TXA alleviates the intralesional heme content, TLR4/TNF axis, and the number of apoptotic cells after SCI. a The intralesional heme concentration in injured spinal cords was increased in comparison to sham spinal cords at 1 dpi (#) (n = 6 in each group). The administration of TXA significantly reduced the heme content (black star). b, c A qRT-PCR showed that the administration of TXA significantly downregulated both the TLR4 and TNF mRNA expression in injured spinal cord at 1 dpi (n = 4 in each group). d Protein concentration of TNF-α of TXA-treated mice was significantly reduced compared to saline-treated mice at 3 dpi (n = 9 in each group). e, f Densitometric scanning of the immunoblots of MyD88, and NF-κB p65 (n = 9 per group). *p < 0.05, Dunnett’s test. The error bars indicate the SEM. g TUNEL staining showed the presence of TUNEL-positive apoptotic cells (red) around the lesion epicenter at 1 dpi. Bottom figures show higher magnification views corresponding to the boxed areas in the top figures. h Quantification of e demonstrating that the administration of TXA significantly reduced the number of TUNEL-positive apoptotic cells (n = 6 in each group). Scale bars, 500 μm (e left), and 50 μm (e right). *p < 0.05, Dunnett’s test (ad, f, h) in comparison to control mice (black star) and sham-treated (laminectomy only) mice (#). Error bars indicate the SEM

To confirm the effect of TXA on the Heme/MyD88/TNF axis after CNS bleeding as previously reported [30], we performed a Western blot analysis for MyD88 and NF-κB p65. As expected, the administration of TXA significantly reduced the molecules associated with this axis (Fig. 5e, f). These results suggested that TXA was able to improve the pathological prognosis by reducing heme-related neuroinflammation after SCI.

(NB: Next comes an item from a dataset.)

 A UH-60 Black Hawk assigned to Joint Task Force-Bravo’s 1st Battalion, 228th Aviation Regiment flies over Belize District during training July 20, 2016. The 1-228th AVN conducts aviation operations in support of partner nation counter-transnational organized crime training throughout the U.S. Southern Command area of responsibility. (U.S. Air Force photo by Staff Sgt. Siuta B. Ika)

The administration of TXA significantly improved the functional recovery after SCI

For the clinical application of TXA in the treatment of SCI, we finally assessed the effect of TXA on the locomotor functional recovery. As a result, TXA-treated mice showed a better functional recovery in the open field motor score (Fig. 6a), foot print analysis (Fig. 6b), and grid walk test (Fig. 6c) in comparison to those of saline-treated mice. In this study, TXA-treated mice did not show behaviors indicative of spontaneous pain or mechanical allodynia (data not shown).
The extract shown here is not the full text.